GitHub Security Fix: CookieSessionAuthMiddleware Bug Allowed Empty User IDs as Authenticated

A critical security flaw in a widely used authentication middleware has been patched. The vulnerability, tracked in GitHub issue #3410, stemmed from the `CookieSessionAuthMiddleware` incorrectly treating sessions with an empty or missing `user_id` field as fully authenticated users. This bug effectively allowed corrupted or incomplete session data to bypass authentication checks, creating a potential vector for unauthorized access.

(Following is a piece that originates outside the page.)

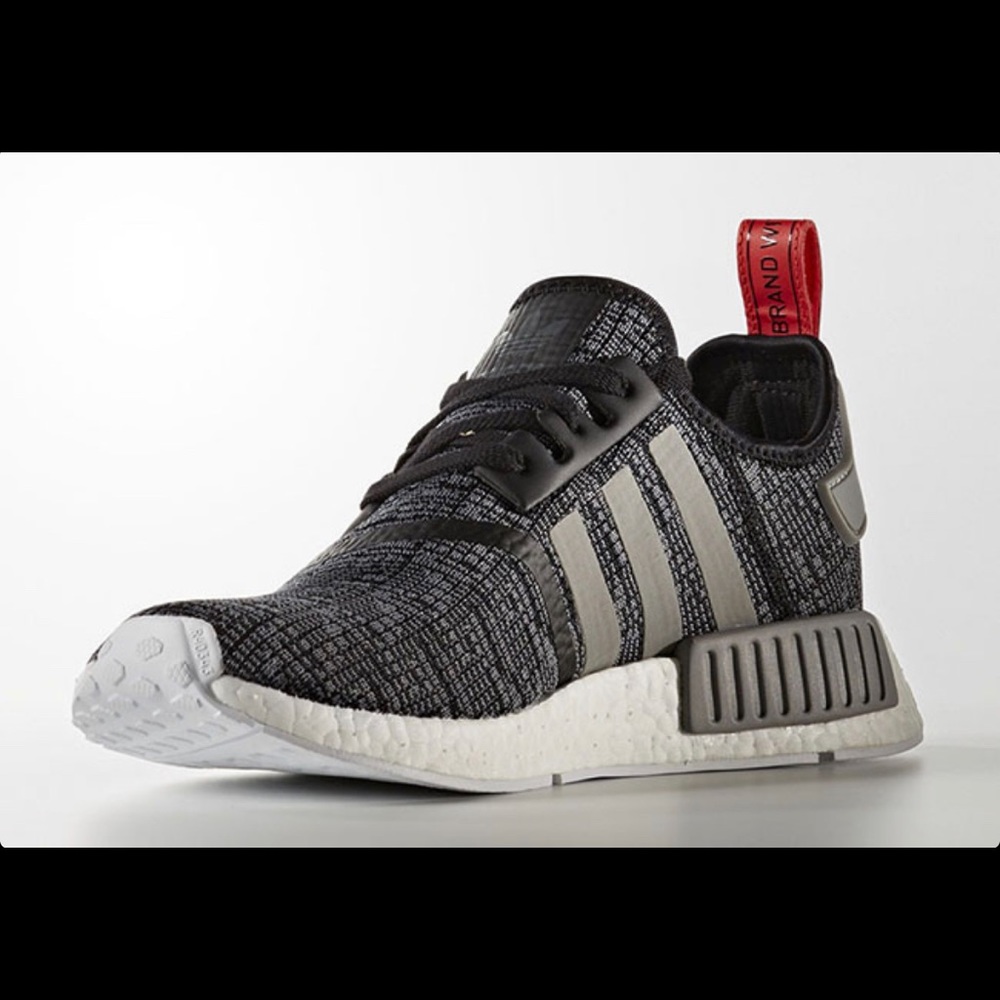 Adidas NMD R1 Camo Glitch Black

The issue was rooted in the use of `unwrap_or_default()` on the session data. When the `user_id` field was absent, this method would return an empty string, which was then passed to `AuthState::authenticated()`. This logic flaw meant the system recognized a session with no real identity as valid and logged in. The fix introduces a guard clause that checks for an empty `user_id` string after the default unwrap. If the `user_id` is empty, the middleware now destroys the corrupted session and correctly returns `AuthState::anonymous()`, closing the security gap.

The patch was rigorously tested with new unit tests, including `test_empty_user_id_produces_anonymous_and_destroys_session` and `test_missing_user_id_produces_anonymous`. These tests confirm that sessions with an empty string or a missing key now reliably result in an anonymous authentication state. This fix is a non-breaking change but is essential for any project relying on this middleware to maintain secure user session handling and prevent unintended authentication.